It was 2011, I had just moved to Moscow, it was terribly dark and dull October (Moscow standard, but I did not know about it then). I really needed money to pay rent, and I was desperately trying to find a job. I just graduated from the Architecture University, but I had no experience so it was pretty hard to find anything where they pay you at least something. Out of despair (and after 1.5 months of searching), I decided to get a job at some weird architectural bureau, which had a mall and a garage as recent projects. I had a trial period of 2 weeks, and I had to work on the drawings of the garage. This was the time when I started drinking energy drinks instead of tea just to cheer myself up (until my teeth began to grind) and I also started crying at home in the evenings because I felt like I was doing some kind of garbage.

 

One day I got out of the subway after a very long day at work, and just burst into tears, standing right in the mud.

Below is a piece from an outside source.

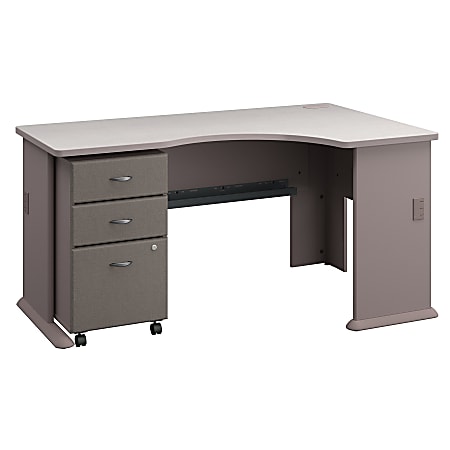 Bush Business Furniture Office Advantage Right Corner Desk With Mobile File Cabinet, Pewter/White Spectrum, Premium Installation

I was crying and thinking that I just want a simple job but with a good salary. I could not even imagine what kind of work it would be, since the desire was too fantastically impudent so I decided to leave the specifics to the discretion of the universe. A couple of days later I met up with friends and one of them told me that he got an easy job as a cameraman where he was paid a lot, in fact, for setting up a camera on a tripod to record other people's meetings.

 

I certainly got a hint of fate and I asked if they needed an extra camera man. My friend said that they needed editors and asked me if I could do that. i said “of cooouuurse!" I want to note that I have never ever lied so brazenly in my life before. and at the same time you can assess the level of my despair and unwillingness to return to designing a garage being in a dark office.

 

Short story behind this job: Moscow developer decided to run a blog about his business on YouTube. Sounds pretty normal now, but 10 years ago it was crazy, especially if you are one of the richest people in the country. So he hired a video team to film all the videos of the meetings related to his business and construction of the skyscraper (that’s where the office was). All I knew was that they had iMacs there so my friend and I thought they were using Final Cut. So I spent the whole weekend on YouTube, watching tutorials and it seemed to me that I had prepared quite well.

 

It was pretty funny to come to the office the next day and hear from the chief editor "The latest version of Final Cut is awful and we're working in Adobe premiere." I didn’t even know how it looked like. I was horrified so I immediately began to sweat. The situation was aggravated by the fact that there was a second person applying for my place, who was clearly more qualified and he was not upset by this news. Those days I did not have a smartphone plus the office was an open space and everyone saw what you had on your huge screen, so there was absolutely no opportunity to open Google and start searching. They gave me some footage, and in a few hours I somehow edited it. It seems to me that I have never sweated so much in my life.

The whole experience was insanely embarrassing and I thought they would never call me back, but miraculously they chose me! Although of course I made a horrible video. As my boss admitted later, they liked me, though they figured out that I couldn't do much but they decided to give it a try anyway.

 

So I started editing videos of very boring (and long) business meetings about concrete. A real meeting of 20 people where everyone discussed drying concrete. In general, it's also quite an architectural topic. We were literally building a skyscraper and filming everything related to that. I assume that there were some crazy enough people who actually watched those vids so indeed I've been doing a fairly simple job with good money for it. 

 

Over the course of several months of work, I learned how to edit more or less and I improved my skills in quick editing videos of the meetings. I liked it and I loved our editors team. We were separated from the evil core of business, but we were still in a context. It's like I was invited to witness people fighting for power, but I wasn’t really involved in anything and that was awesome. The top managers didn't like us, but they couldn't help it and it was terribly funny. My eyes saw lot’s of crazy and ridiculous things that we couldn’t post on YouTube and I found parallels with so many great russian literature pieces describing the lifestyle of 19th century authorities. 

 

From the very beginning my plan was to buy myself all the important things: a laptop, synth and a camera, and then immediately quit, but it turned out to be very difficult! 

 

I had no idea that it's hard to give up easy money, even if you bought everything you needed. The surprising thing is that at some point I began to get sad and really tired just like when I worked in an architectural bureau. I had everything but energy and time for my own creative life.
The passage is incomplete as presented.